[Captioned web images]

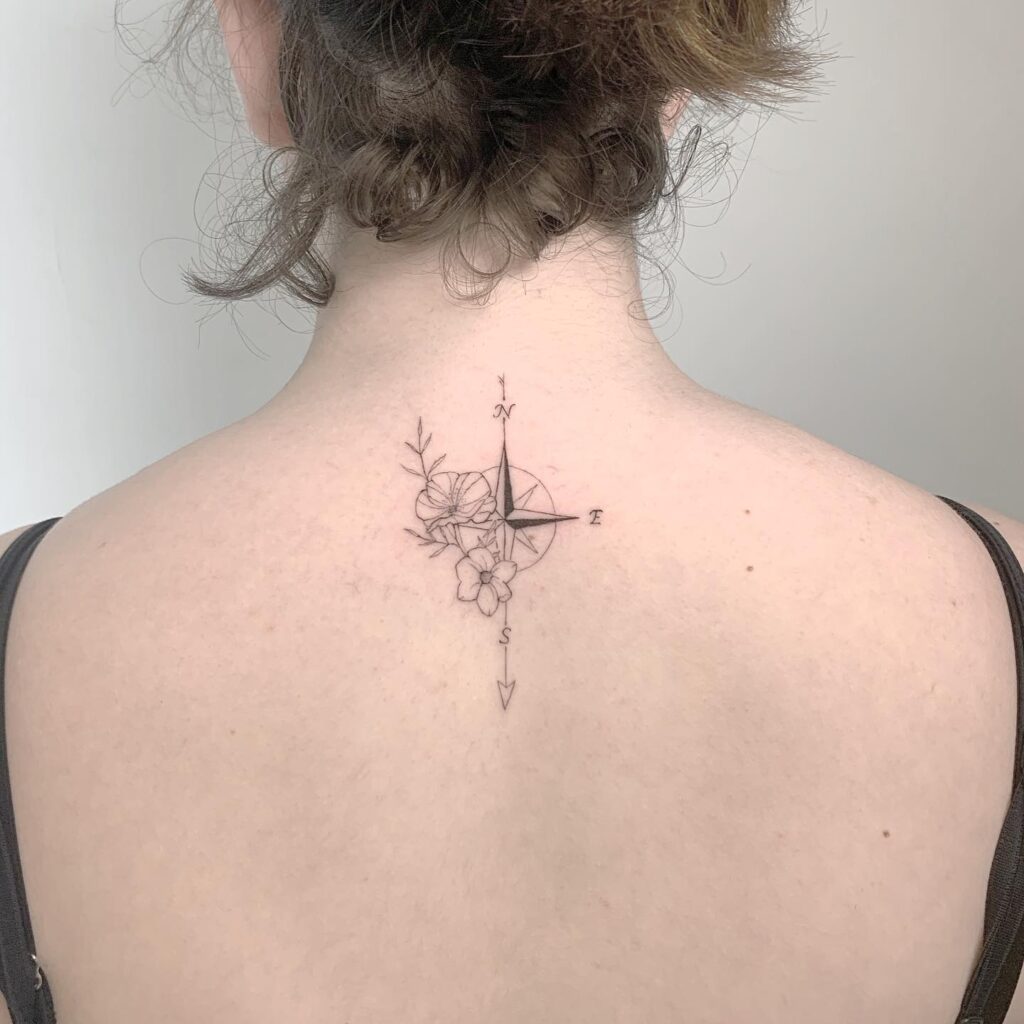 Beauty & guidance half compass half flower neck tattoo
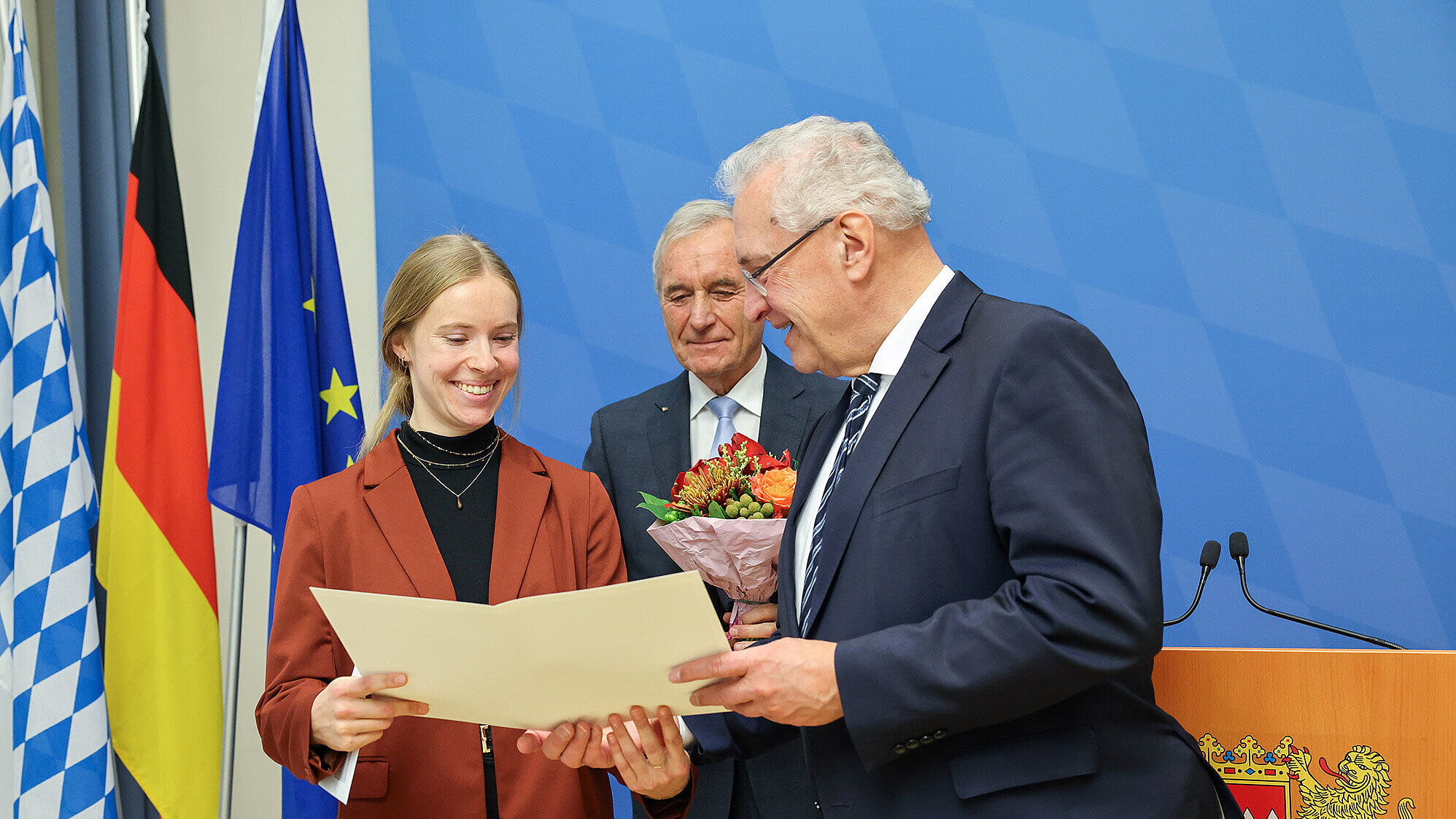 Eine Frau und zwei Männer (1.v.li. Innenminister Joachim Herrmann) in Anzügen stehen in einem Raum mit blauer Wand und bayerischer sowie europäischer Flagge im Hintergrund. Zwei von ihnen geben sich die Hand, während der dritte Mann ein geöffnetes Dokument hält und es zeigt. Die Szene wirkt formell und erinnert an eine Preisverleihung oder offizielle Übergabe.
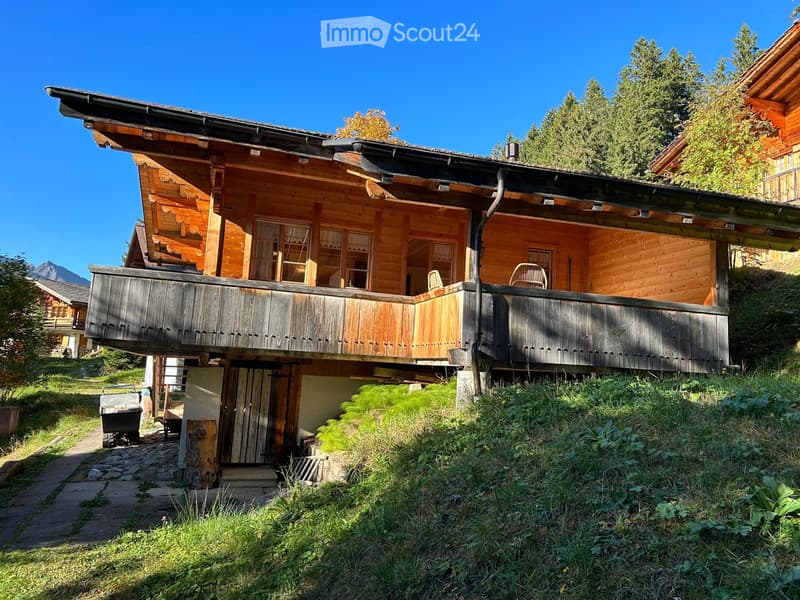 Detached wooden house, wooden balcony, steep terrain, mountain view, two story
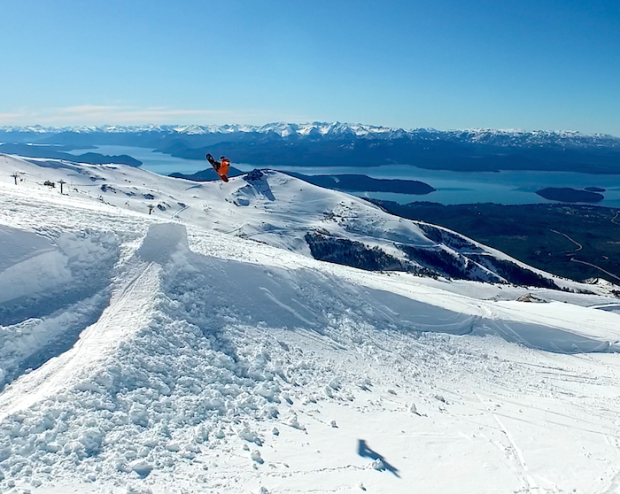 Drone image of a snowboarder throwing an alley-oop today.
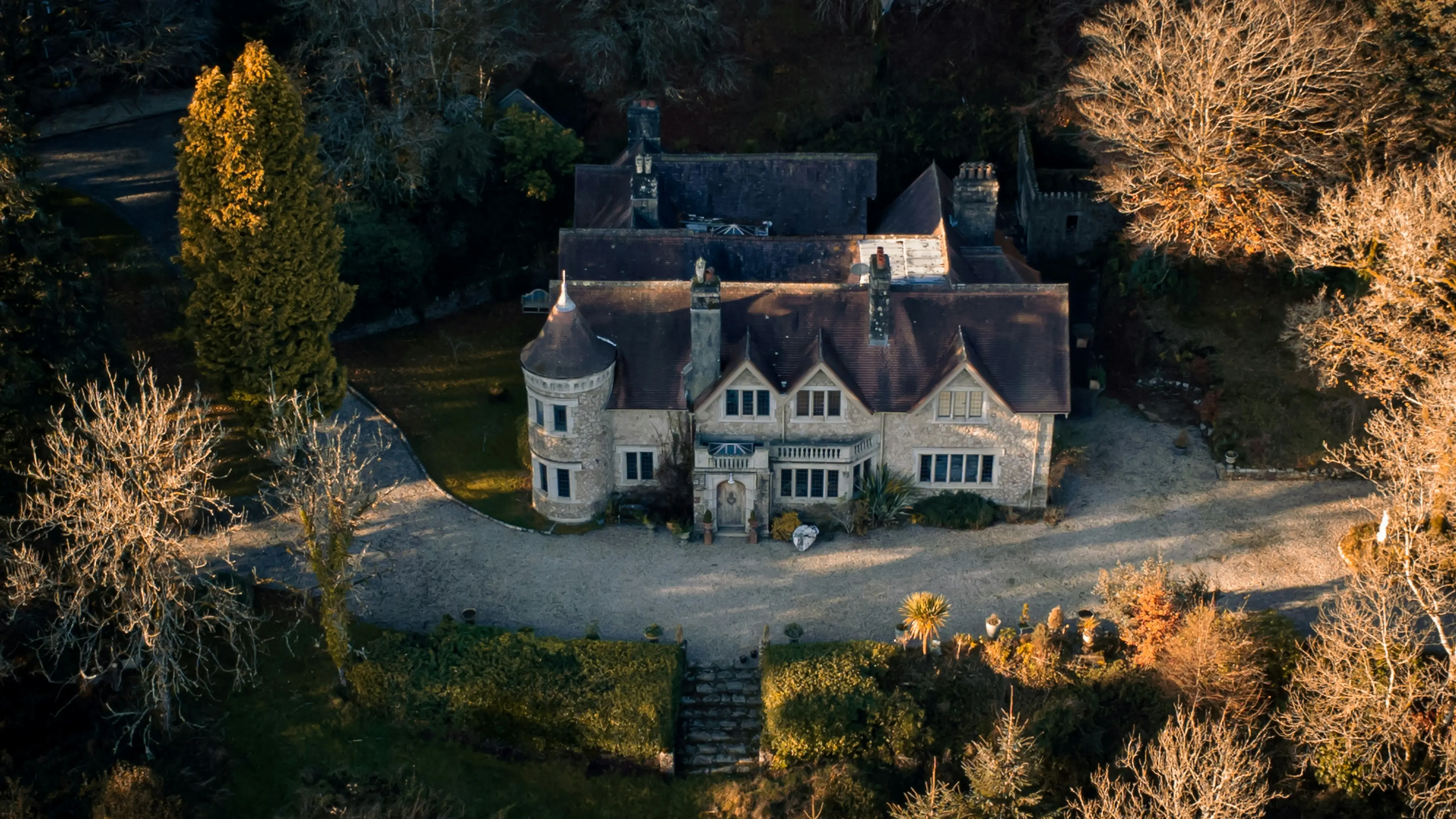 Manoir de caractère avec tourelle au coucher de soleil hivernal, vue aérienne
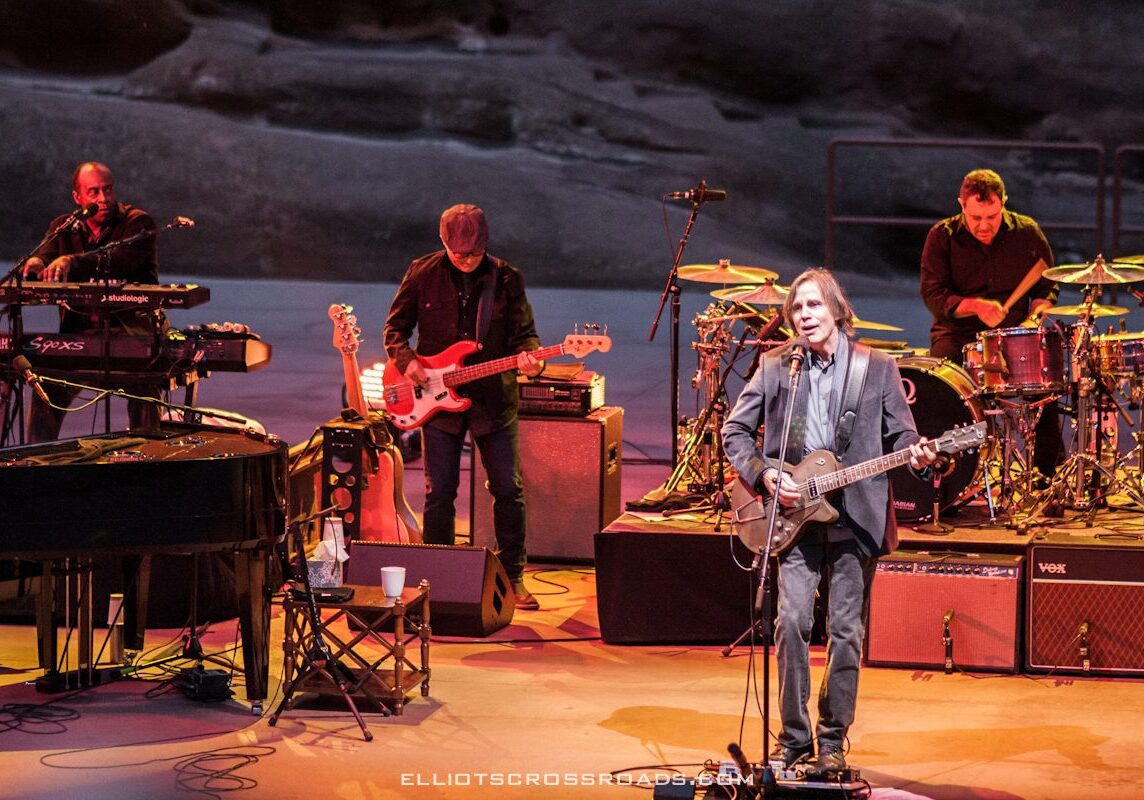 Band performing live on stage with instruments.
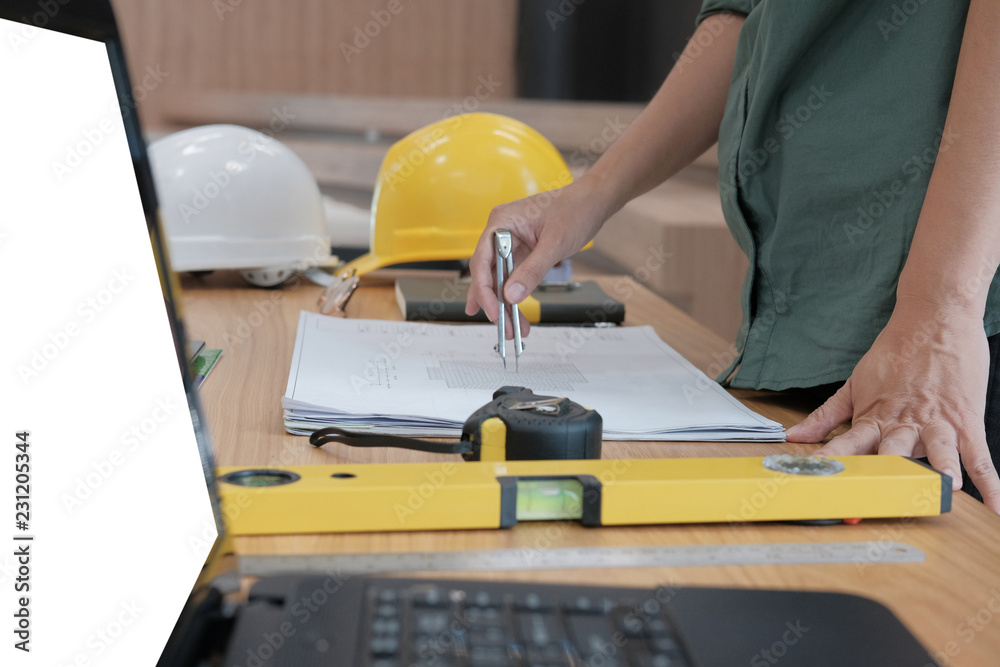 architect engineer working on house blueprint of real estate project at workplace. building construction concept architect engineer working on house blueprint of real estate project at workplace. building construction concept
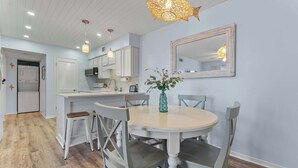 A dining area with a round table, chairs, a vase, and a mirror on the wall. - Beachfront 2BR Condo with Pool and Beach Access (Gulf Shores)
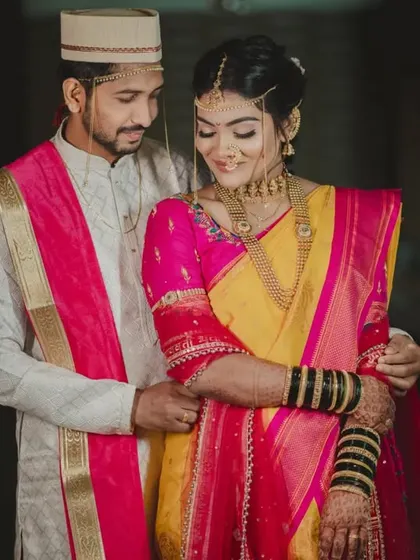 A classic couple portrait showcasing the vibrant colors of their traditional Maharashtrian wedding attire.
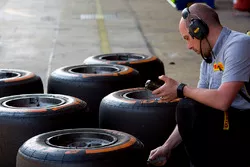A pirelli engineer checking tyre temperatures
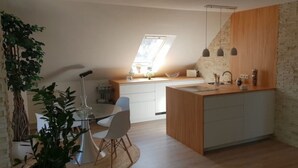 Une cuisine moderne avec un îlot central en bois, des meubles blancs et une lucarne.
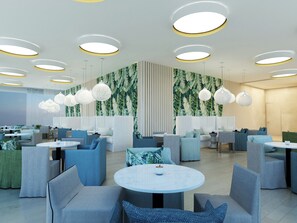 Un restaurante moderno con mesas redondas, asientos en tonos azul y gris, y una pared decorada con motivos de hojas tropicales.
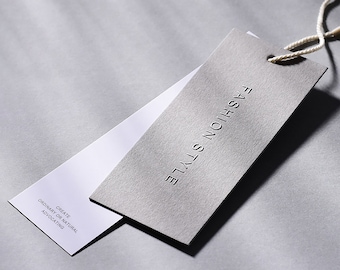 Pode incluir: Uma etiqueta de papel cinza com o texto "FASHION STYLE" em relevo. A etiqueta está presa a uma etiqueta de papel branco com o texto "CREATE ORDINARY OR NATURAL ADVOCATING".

▸ Problem details: A verbatim copy of the records above, without pictures, is required.

▸ Your response:
 Beauty & guidance half compass half flower neck tattoo
 Eine Frau und zwei Männer (1.v.li. Innenminister Joachim Herrmann) in Anzügen stehen in einem Raum mit blauer Wand und bayerischer sowie europäischer Flagge im Hintergrund. Zwei von ihnen geben sich die Hand, während der dritte Mann ein geöffnetes Dokument hält und es zeigt. Die Szene wirkt formell und erinnert an eine Preisverleihung oder offizielle Übergabe.
 Detached wooden house, wooden balcony, steep terrain, mountain view, two story
 Drone image of a snowboarder throwing an alley-oop today.
 Manoir de caractère avec tourelle au coucher de soleil hivernal, vue aérienne
 Band performing live on stage with instruments.
 architect engineer working on house blueprint of real estate project at workplace. building construction concept architect engineer working on house blueprint of real estate project at workplace. building construction concept
 A dining area with a round table, chairs, a vase, and a mirror on the wall. - Beachfront 2BR Condo with Pool and Beach Access (Gulf Shores)
 A classic couple portrait showcasing the vibrant colors of their traditional Maharashtrian wedding attire.
A pirelli engineer checking tyre temperatures
 Une cuisine moderne avec un îlot central en bois, des meubles blancs et une lucarne.
 Un restaurante moderno con mesas redondas, asientos en tonos azul y gris, y una pared decorada con motivos de hojas tropicales.
 Pode incluir: Uma etiqueta de papel cinza com o texto "FASHION STYLE" em relevo. A etiqueta está presa a uma etiqueta de papel branco com o texto "CREATE ORDINARY OR NATURAL ADVOCATING".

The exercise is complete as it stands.